Education Dept. bogged down by bureaucracy, secretary says


Education Secretary Eliezer Ramos Parés

By John McPhaul

jpmcphaul@gmail.com


Education Secretary Eliezer Ramos Parés responded Wednesday to federal Department of Education demands that the island Education Department speed up its processes so that resources reach students on time, acknowledging that the agency is bogged down by bureaucracy.


But in addition to the bureaucracy that has long characterized the vast department -- and which the secretary said Wednesday causes a document to arrive three times at the same desk -- processes in the General Services Administration, and in other agencies that assist with education matters, also take time.


“There are purchases that can take three or four months,” Ramos Parés said in response to questions from the press. “There are purchases that have taken more than a year. I’m not going to deny it to you. That is why I tell you, I think that everyone has understood, that the excess of levels and layers in the process has generated additional problems, beyond trying to establish transparent processes and ensuring that the process ends with a certain purity or with certain ethics.”
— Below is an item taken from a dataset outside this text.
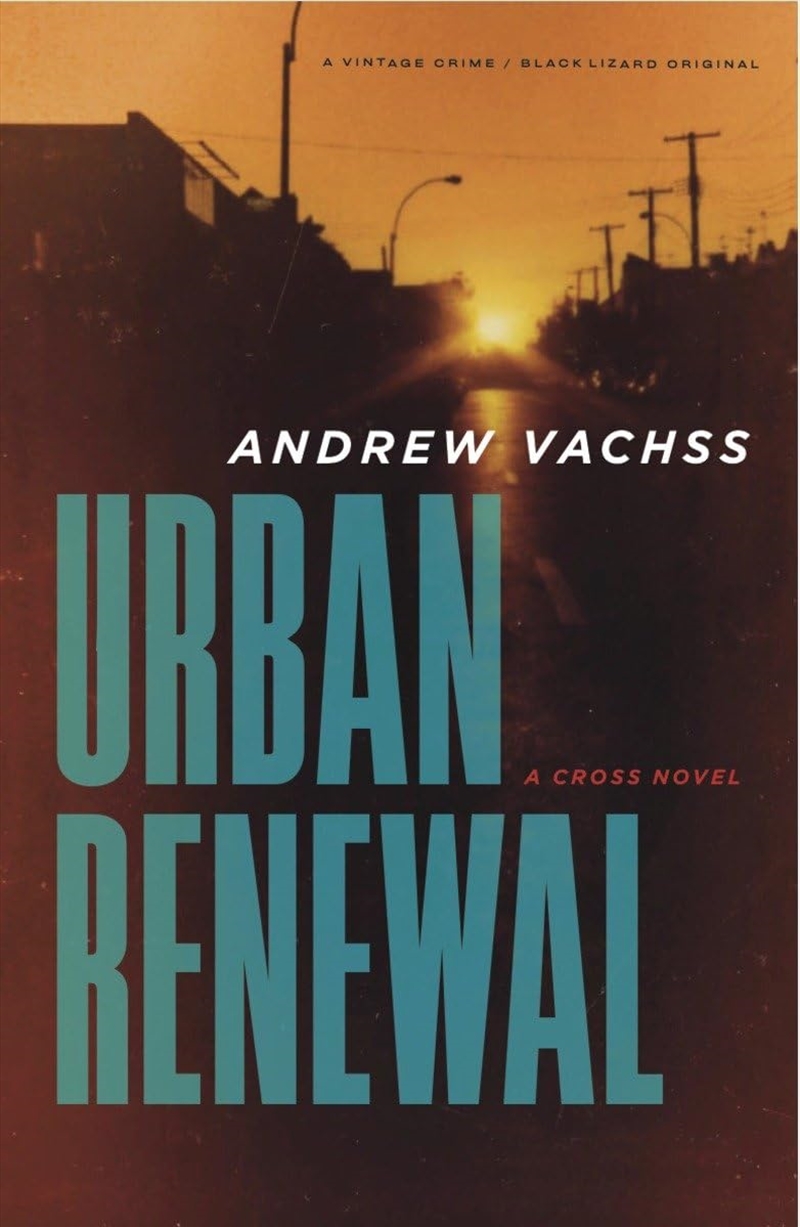 Urban Renewal/Product Detail/Crime & Mystery Fiction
“So we are all seeing this process equally, in addition to the federal government through those mechanisms, the Financial Oversight and Management Board is seeing it,” he added. “I have to say that the General Services Administration has been working with us on this and I hope that this coming year those solutions that we are beginning to implement begin to yield a direct result.”
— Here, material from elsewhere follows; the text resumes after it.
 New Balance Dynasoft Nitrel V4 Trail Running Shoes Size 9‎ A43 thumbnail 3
Meanwhile, Ramos Parés said that this year fewer students failed compared to the previous academic year. “There are figures, I don’t have them at hand, but I can tell you that they are lower,” he said. “We are talking about fewer students, we are talking about the fact that the summer and the extended hours have also paid off. We have seen a significant advance in the children who participated in this extended schedule and, equally true, we are going to be opening the summer focused on continuing to address that lag.”


Ramos Parés also said the changes in the curriculum will not impact, for example, teaching under the Montessori model.


“What Montessori is is a strategy. The curriculum continues to impact what Montessori is; the Montessori strategy will remain unchanged,” the secretary said. “Furthermore, we have a goal of taking these schools from the 44 we have to 100 schools. “... [W]e have recruited more personnel, and they are being given other types of resources to be able to continue training teachers and so that in effect we can reach this goal.”


“After many consultations with teachers, many consultations with parents, with experts from the Academy, objectives have been modified in that curriculum, things that maybe were in grade 10, we are going to see them in grade 11, something that was in 11, we will see them in the ninth,” Ramos Parés said. “So there is a complete review of what was going on.”